I’ve had a lot of success with people by keeping it simple.  Rather than worry about the exact specifics of the pain, just simply focus on normalizing motion, increasing strength of the rotator cuff and scapular muscles, enhancing dynamic stability, and then gradually building tissue capacity through loading.

This is a great example of when focusing on the functional deficits is more impactful than the structural diagnosis.  

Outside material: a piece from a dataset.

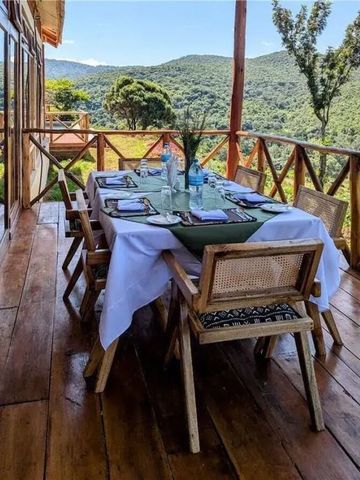 Eleganter Esstisch auf Terrasse mit Blick auf grüne Hügel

Optimize the person, don’t just treat the pain.

 

 

6 replies
  1. Mike Monahan
    Mike Monahan says:

    Mike R,
    Thanks for bringing the current information to the table for discussion. I would love to hear more on your take to “normalize motion (of the shoulder)”, unfortunately, I see too much emphasis on “exercise for the shoulder” in the clinic and not enough assessment of landmark positions which helps to define the flexibility and proper strength of the scapular mm. in the general population, we see far too much inflexibility in the latissimus dorsi m, pectoralis minor, weakness in the SA,LT,UT mm of the scapulae and maybe even poor mobility of the thoracic spine. All the rotator cuff strength in the world won’t overcome these deficits. The skills that separate us from personal trainers is the ability to assess and the use of manual techniques to affect change.

  2. Jake Menotti
    Jake Menotti says:

    I think it’s one thing to challenge the efficacy of this surgery, but quite another to challenge the diagnosis of subacromial impingement. Seems to be a classic example of throwing the baby out with the bath water to me. More than likely, there were probably many people who did not necessarily need the surgery that got it compared to those who truly benefited from it along with post-surgical rehab. Mike hit it on the head – the underlying causes such as poor dynamic stability and others – are in my opinion central to the underlying biomechanical changes that likely contribute to impingement in many cases. We know that osteoblast activity increases via increased mechanical forces we place upon bone. Thus, the person with an acromion that “hooks” downward may just build that bone right back to where it was post-surgery unless the predisposing factors can be corrected via rehab (i.e. shoulder biomechanics, ROM, muscle length, scapular stabilizer/RC strength, dynamic stability/neuromuscular stability, etc). Obviously, there may be genetic factors playing a role as well, but no single approach works for everyone, so treating the individual is key in my opinion. Therefore, I think that this surgery will not completely go away, but more people will likely need to fail conservative care such as rehab first prior to undergoing it. Even those who need it will likely need rehab post-surgery for the reasons stated previously as well.

  3. Teresa Merrick
    Teresa Merrick says:

    I had subacromial decompression (SAD) a little over 10 years ago on my right (dominant) shoulder along with distal clavicle resection and repair of a small full-thickness tear (1 cm or so as I recall) of the supraspinatus. Over the years preceding I had struggled with issues of impingement, pain, and performance out of that shoulder; pushups, bench presses, etc. At one time, the diagnosis had been bicep tendinitis (long before it seemed they recognized rotator cuff issues). I had done PT several times over those years, so I was familiar with the exercises, but they weren’t working any more for me. I feel the surgery was just what was needed: open up more space for the tissues of the right shoulder to operate. At 5 1/2 months post surgery, my PL bench press was only 2.5 kg less than the previous year (before the culminating event that led me to choose surgery over trying a cortisone shot). For the right patient and right problem, SAD can be the right procedure.